Electroacupuncture for Preventing Adverse Events of Cancer Immunotherapy

Launched by QINGHAI RED CROSS HOSPITAL · Mar 17, 2025

Keywords

ClinConnect Summary

This clinical trial is looking at whether electroacupuncture can help prevent side effects related to cancer immunotherapy in adults with advanced cancers. Immunotherapy is a treatment that helps the body’s immune system fight cancer, but it can sometimes cause unwanted reactions known as immune-related adverse events (irAEs). The study will involve patients who are receiving their first treatment with certain types of immunotherapy and will assess how effective and safe electroacupuncture is in reducing these side effects.

To participate in this trial, individuals must be at least 18 years old and have a confirmed diagnosis of a malignant tumor, among other criteria. They should not have received specific previous treatments or have certain health conditions that could interfere with the trial.
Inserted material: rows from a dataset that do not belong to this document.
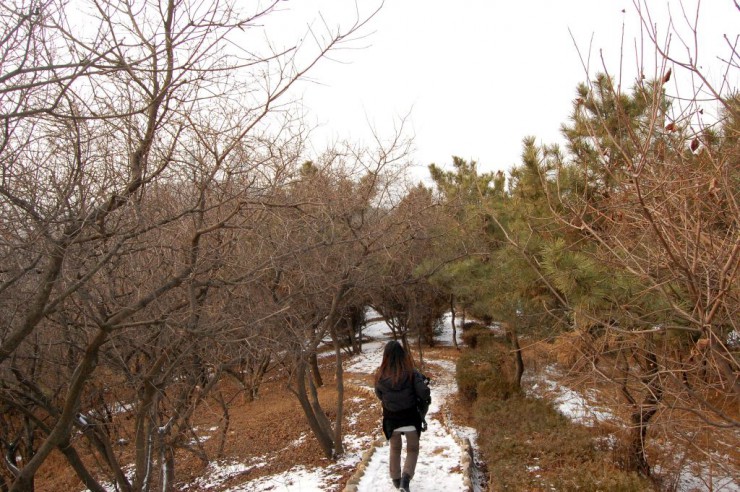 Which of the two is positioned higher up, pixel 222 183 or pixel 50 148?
pixel 50 148

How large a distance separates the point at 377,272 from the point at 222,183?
4.22m

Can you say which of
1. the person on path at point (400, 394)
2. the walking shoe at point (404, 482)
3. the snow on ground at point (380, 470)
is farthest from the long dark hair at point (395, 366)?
the snow on ground at point (380, 470)

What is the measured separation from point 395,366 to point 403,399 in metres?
0.30

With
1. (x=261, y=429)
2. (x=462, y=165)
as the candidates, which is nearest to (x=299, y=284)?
(x=261, y=429)

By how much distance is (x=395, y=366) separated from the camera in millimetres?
4488

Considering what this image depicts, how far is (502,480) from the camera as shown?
4723 mm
If eligible, participants can expect to receive electroacupuncture treatment alongside their cancer therapy, and the study will monitor their health and any side effects that arise. This research aims to provide valuable insights that could improve care for cancer patients undergoing immunotherapy.

Gender

ALL

Eligibility criteria

• Inclusion Criteria:
• • 1. Age ≥ 18 years, any gender, any nationality.
• • 2. Eastern Cooperative Oncology Group (ECOG) performance status of 0-2.
• • 3. A definitive diagnosis of malignant tumor confirmed by pathology, and no previous treatment with PD-1/PD-L1 inhibitors.
• • 4. Patients who are receiving their first treatment with PD-1/PD-L1 inhibitors monotherapy, PD-1/PD-L1 inhibitors combined with anti-angiogenic agents, or combined chemotherapy.
• • 5. Expected survival of more than 3 months.
• • 6. Normal bone marrow and organ function.
• • 7. Premenopausal women must use adequate contraception.
• • 8. Written informed consent obtained from the patient prior to enrollment.
• Exclusion Criteria:
• • 1. Patients who have previously received or are currently receiving immunotherapy monotherapy, immunotherapy combined with chemotherapy, or immunotherapy combined with targeted therapy.
• • 2. Patients who have undergone acupuncture, radiotherapy, or surgery within 4 weeks prior to the start of treatment.
• • 3. Patients who have received any dose of systemic corticosteroid treatment within 72 hours prior to Day 1 of Cycle 1.
• • 4. Patients with active systemic autoimmune diseases within the past 2 years (such as but not limited to: autoimmune hepatitis, interstitial pneumonia, uveitis, enteritis, hepatitis, pituitaryitis, vasculitis, nephritis, hyperthyroidism, hypothyroidism; subjects with a history of vitiligo or asthma in childhood who have been in complete remission with no intervention in adulthood may be included; subjects requiring bronchodilator medical intervention should be excluded), diagnosed with immunodeficiency or treated with immunosuppressive therapy within the past week, human immunodeficiency virus (HIV) (+), history of non-infectious pneumonia treated with glucocorticoids, pneumonia, active tuberculosis, active hepatitis B or C virus infection, or currently undergoing any systemic treatment for active infections.
• • 5. Significant abnormal laboratory values (platelet count, absolute neutrophil count, free triiodothyronine (FT3), free thyroxine (FT4), thyroid stimulating hormone(TSH), adrenocorticotropic hormone (ACTH), morning cortisol, glycated hemoglobin (HbA1c), C-peptide, autoantibodies, alanine aminotransferase (ALT), aspartate aminotransferase (AST), alkaline phosphatase, prothrombin time/international normalized ratio (PT/INR), serum bilirubin, amylase, lipase, CRP).
• • 6. Skin diseases or inflammatory skin reactions that may interfere with clinical trial outcomes.
• • 7. Patients who have developed lymphedema at the site of acupuncture stimulation after receiving any acupuncture treatment.
• • 8. Patients who fear electroacupuncture stimulation or are allergic to stainless steel needles.
• • 9. Patients with psychiatric disorders, or those taking any antipsychotic or antidepressant medications.
• • 10. Any unresolved skin toxicity caused by previous chemotherapy or radiotherapy, except for hair loss.
• • 11. Patients with diabetes.
• • 12. Any other diseases, metabolic disorders, physical examination results, or clinical laboratory findings that raise reasonable suspicion of a disease or condition that may affect the interpretation of the outcomes or put the participant at high risk for treatment complications.
• • 13. Pregnant or breastfeeding women, or women planning to become pregnant during the study period.
• • 14. Severe medical or psychiatric conditions.
• • 15. Any patient deemed unsuitable for enrollment by the investigator.